It’s not a shame at all. It’s just way too hard to figure out the grammatical analysis on the fly while you are speaking. The only time I might use whom is immediately following a preposition (my personal usage rule).  I only bother to do the analysis in formal writing.


----------



## Forero

_Whom_ is objective case. Modern English has no accusative, dative, instrumental, prepositional, or ablative case.

_Whom_ is appropriate for direct and indirect objects and for objects of prepositions. It is never appropriate as a subject.

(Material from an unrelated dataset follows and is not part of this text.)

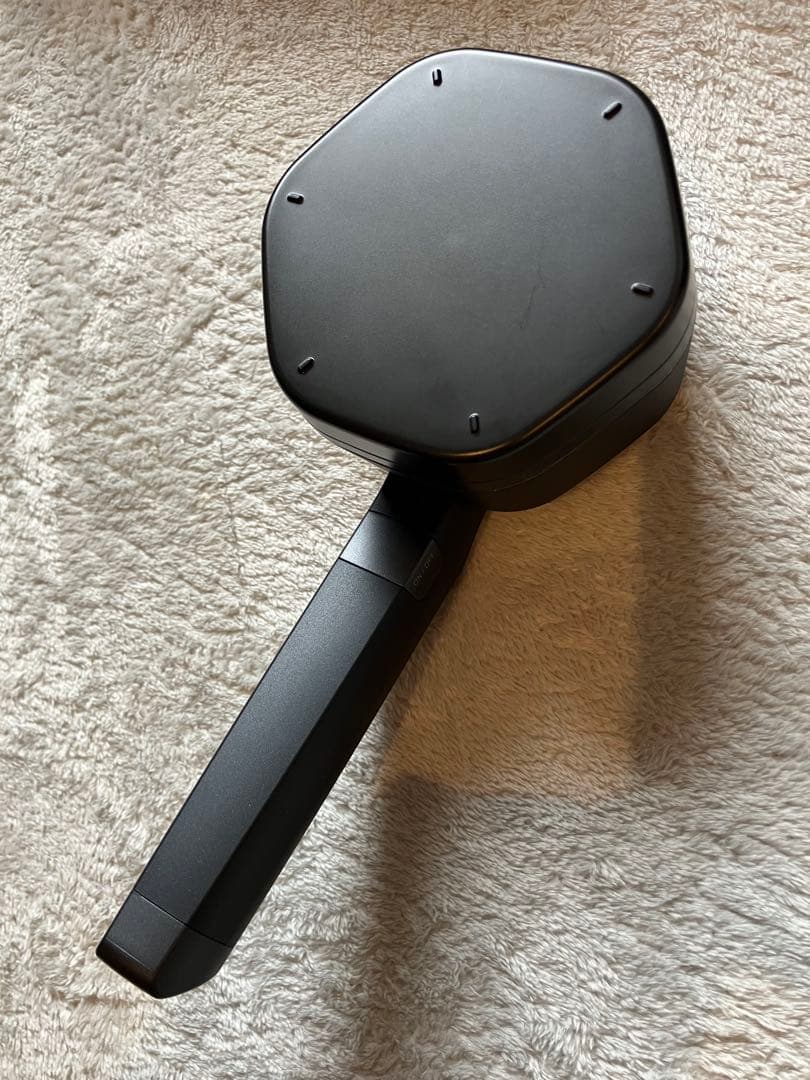 SonoRepro（ソノリプロ）超音波スカルプケアデバイス 頭皮ケア　極美品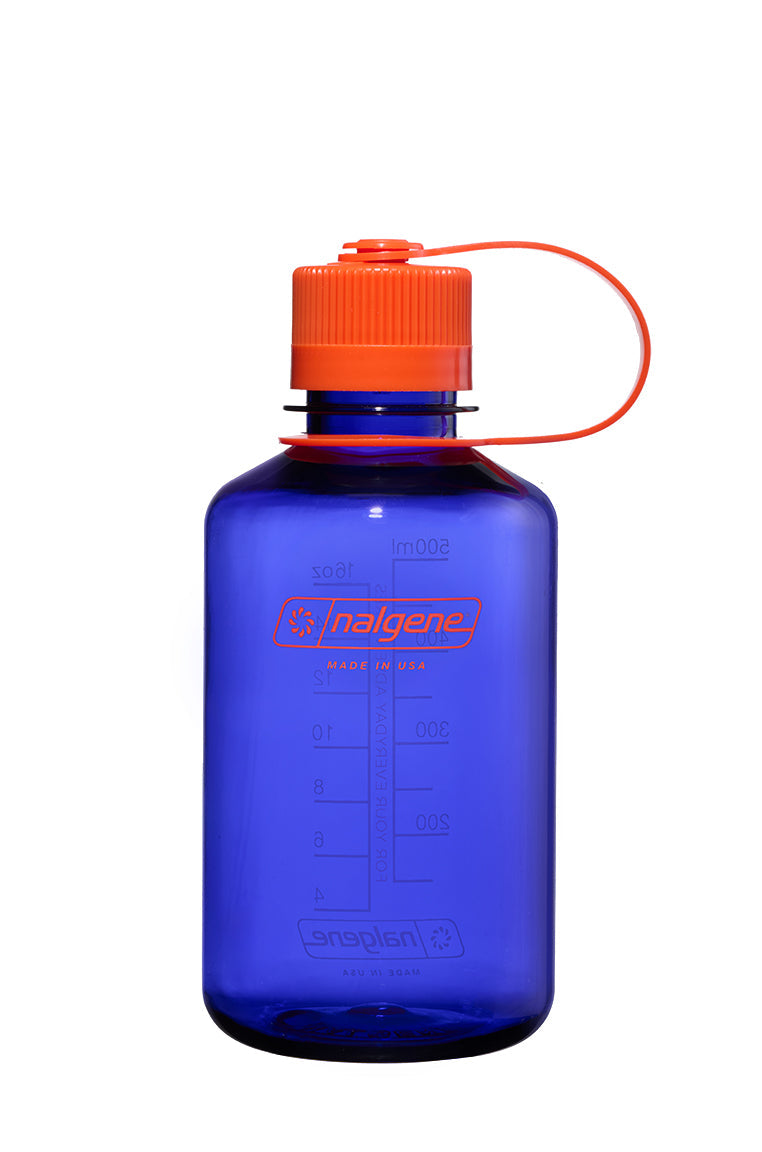 Nalgene product view: 16oz Narrow Mouth Bottle J0 — 16oz Narrow Mouth Bottle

In the sentences in #1, I would either omit the relative pronoun altogether or use _whom_.


----------



## Wandering JJ

Hi Forero,
OE had four cases: nominative, accusative, genitive and dative – no instrumental or prepositional (as found in Russian, for example) nor an ablative case (as in Latin, for example).
Just a reminder that, in BrE, grammarians prefer 'that' as the relative in #1 as it introduces a restrictive clause. In practice, as you also suggest, we would probably omit the relative pronoun in the examples given.


----------



## Forero

Wandering JJ said:


> Hi Forero,
> OE had four cases: nominative, accusative, genitive and dative – no instrumental or prepositional (as found in Russian, for example) nor an ablative case (as in Latin, for example).
> Just a reminder that, in BrE, grammarians prefer 'that' as the relative in #1 as it introduces a restrictive clause. In practice, as you also suggest, we would probably omit the relative pronoun in the examples given.


If we are talking about Old English, I believe it did have an instrumental case originally.

But I was just saying that Modern English _whom_ is objective case, suitable for any kind of object. It is not "dative".


----------



## Wandering JJ

Forero said:


> If we are talking about Old English, I believe it did have an instrumental case originally.


Good point. By the time I was born, the instrumental case had largely merged with the dative case.


----------